Senja telah berganti malam. Lampu-lampu kota satu  per satu mulai menyala menerangi gelapnya malam. Jalan semakin ramai. Semakin bising dengan klakson kendaraan yang saling bersahutan ditengah macet yang mengular panjang.

Hampir pukul delapan malam. Jenar dan Aira baru selesai melakoni pekerjaan mereka. Jenar dengan kegiatannya sebagai model dan Aira selaku asisten. Lelah mendera keduanya. Memaksa sepasang sahabat itu untuk beristirahat demi memulihkan tenaga serta mendinginkan pikiran.

Beberapa menit yang lalu, Mas Wisnu mengantarkan Jenar dan Aira untuk pulang. Keduanya pun diantar ke apartemen Jenar sesuai permintaan. Aira sendiri yang memang sudah lelah memutuskan untuk menginap di tempat Jenar malam itu.

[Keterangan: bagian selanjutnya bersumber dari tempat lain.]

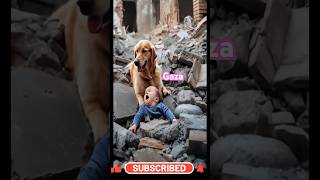 😥Real and sad story that make you cry😥 #interestingclips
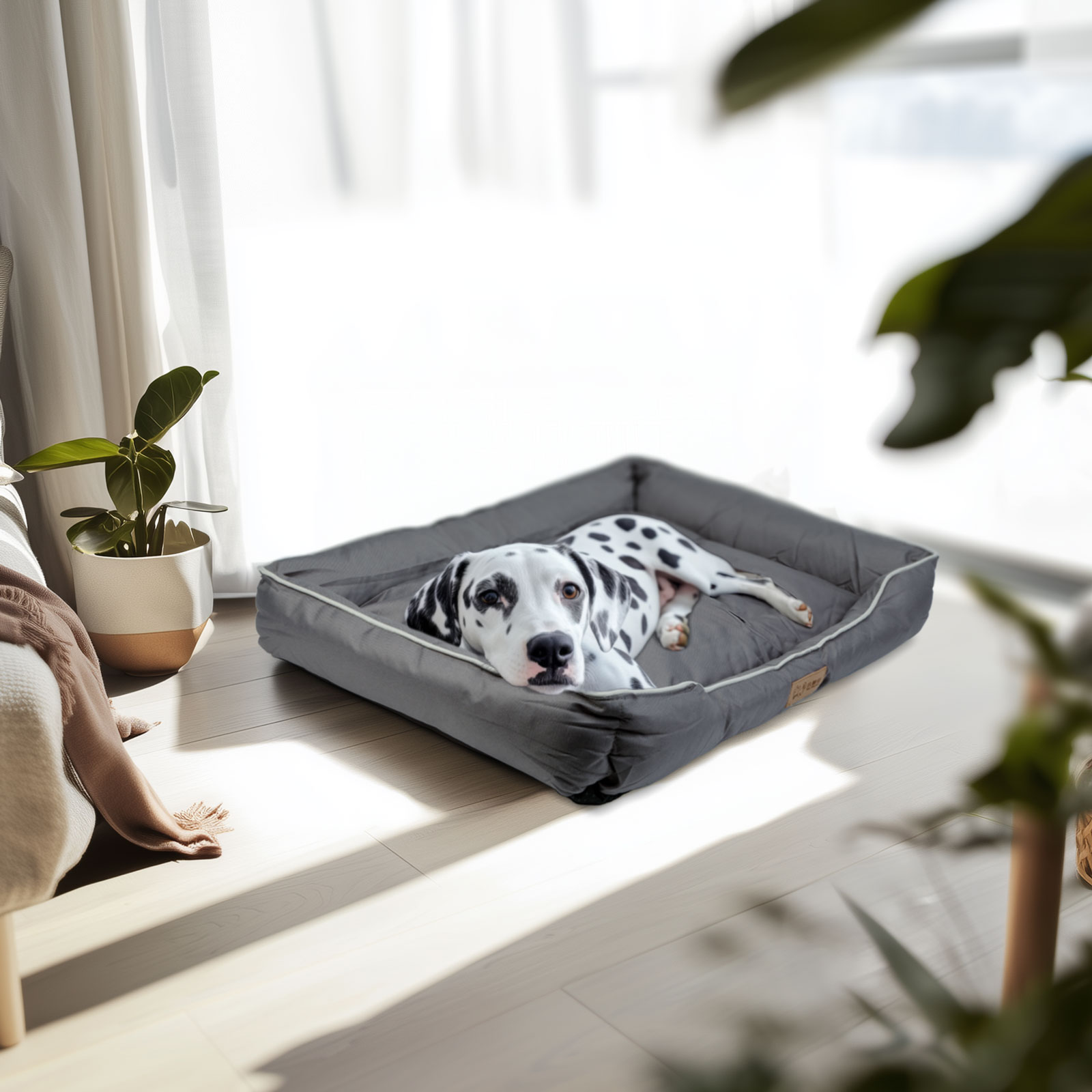 Dalmatian kutya egy kutyakosárban fekszik.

Begitu sampai apartemen, keduanya lebih dulu pergi mandi. Aira di kamar mandi tamu yang letaknya dekat dapur. Sementara Jenar mandi di kamar mandi yang ada di kamar pribadinya. Usai mandi dan berganti pakaian, Aira membuka makanan cepat saji yang mereka beli di jalan tadi. Memindahkannya ke piring agar ia dan Jenar mudah untuk menikmatinya.

“Makan dulu, Jen. Lu belum makan malam, kan?” kata Aira begitu melihat Jenar keluar dari kamarnya dan duduk bergabung di sofa depan televisi.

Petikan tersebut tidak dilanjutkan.